Please set down the data word for word; images do not go in the copy.
-------- DATASET CONTENT
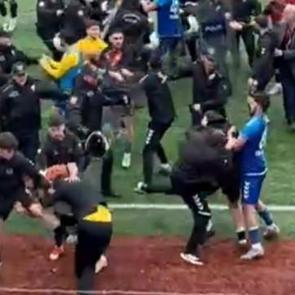 Amat&ouml;r ma&ccedil;ta tam 24 kırmızı kart &ccedil;ıktı!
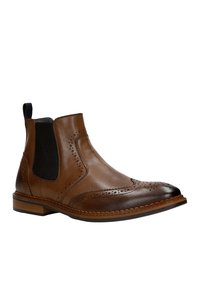 Stivali Chelsea in pelle marrone con pannelli elastici neri, dettagli brogue, punta arrotondata e suola in un marrone chiaro a contrasto.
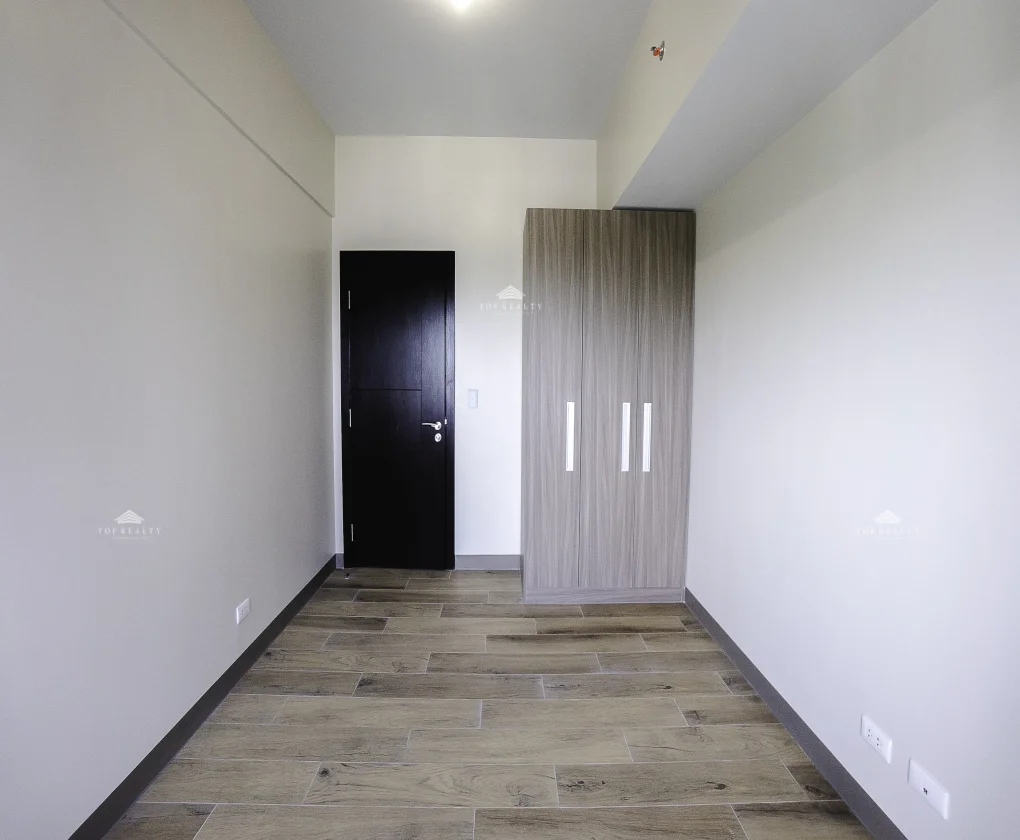 2 Bedroom Condominium for Sale in Park Mckinley West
----------------
## WRITTEN ANSWER
 Amat&ouml;r ma&ccedil;ta tam 24 kırmızı kart &ccedil;ıktı!
 Stivali Chelsea in pelle marrone con pannelli elastici neri, dettagli brogue, punta arrotondata e suola in un marrone chiaro a contrasto.
 2 Bedroom Condominium for Sale in Park Mckinley West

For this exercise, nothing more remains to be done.